Over the years, I have written well over a dozen articles about our climate: too much snow in the winter and how it damages trees; not enough water in the winter and what that means for farmers and ranchers the next growing season; or how the June dry heat can stress plants.

Heck, back in summer 2012, I wrote about watering during drought and guess what happened? It rained 1.5 inches over the next four days.

I am willing to do it again: sacrifice column space and word count in the name of all things moisture. Since Oct.14, the area has received about 0.4 inches of rain and no measureable snow. The average high has been close to 60 degrees over that time, and the coldest it reached was 15 degrees. That is a pretty balmy, and dry, start to winter. I actually wore shorts way more often than I made fires over that period.

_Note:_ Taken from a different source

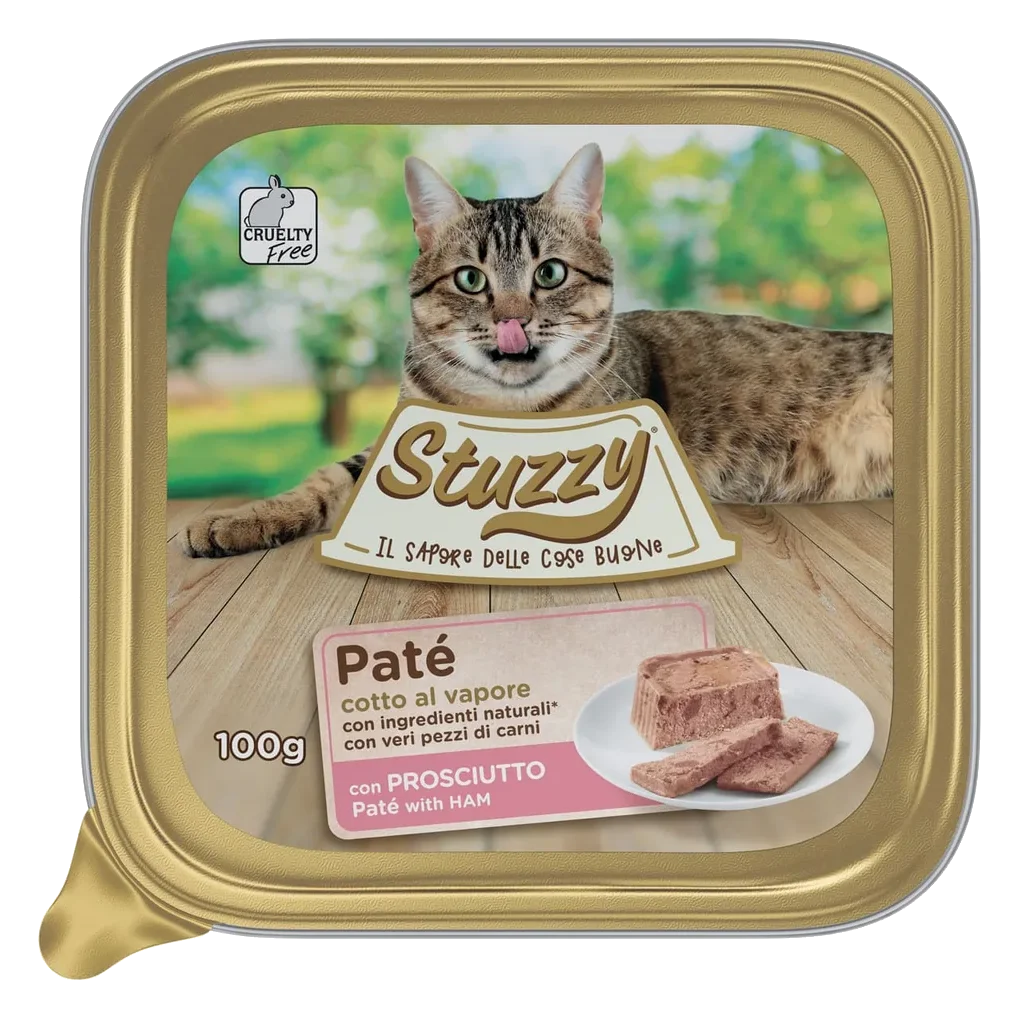 Mister Stuzzy Cat ham wet cat food, 100 g tray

So here is your advice on winter watering in hopes that you don’t have to. That this article will give Mother Nature the impetus to start snowing and make my words moot.

Many of our landscape (and native) plants have had to endure years of drought, higher than normal temperatures and long periods of a combination of both. Over time, that stresses out plants, making them more susceptible to disease, insects or other environmental conditions.

A potential result of this drawn-out weather pattern could be death to the parts of the plant’s root system, especially with newly planted or stressed plants. Woody plants typically have shallow root systems and require supplemental watering. Herbaceous perennials and groundcovers, especially those in exposed sites, can be subjected to cracking in soil that exposes roots to cold and drying. Even recently established lawns have a shallow root system and can quickly dry out.

One of the ways to moderate this stress is to water during the winter months, as long as these guidelines are followed:

  • Water only when the air temperature is above 40 degrees with no snow cover.
  • If the ground is frozen, don’t water.
  • Apply during the heat of the day, typically between 11 a.m. and 1 p.m. You want the water to soak in before possible freezing at night.\
  • Focus on the newly planted material (less than two to three years in the ground), and water once per month if the proper conditions exist.
  • Water to a depth of 12 inches, if possible. This may mean that you need to apply the water slowly, either using a soaker hose, sprinkler or spray wand.
  • Direct the water underneath the ends of the branches (drip line).
  • If possible, apply 10 gallons of water for every inch of the tree’s trunk diameter (measure this at 6 inches above the ground level).
Watering in the winter can be complicated by a dog that is obsessed with the hose. (Courtesy of Darrin Parmenter)

I fully realize that watering in the winter is a pain in the you know what, especially if you have a dog that is obsessed with the hose. Many of you have already put away the hoses, winterized the sprinkler system and hose bibs, and put summer chores behind you.

But a well-established and healthy root system is the base of the plant’s success, and knowing how much time, energy and money we put into these plants it would be a shame to see them perish before the next growing season even starts.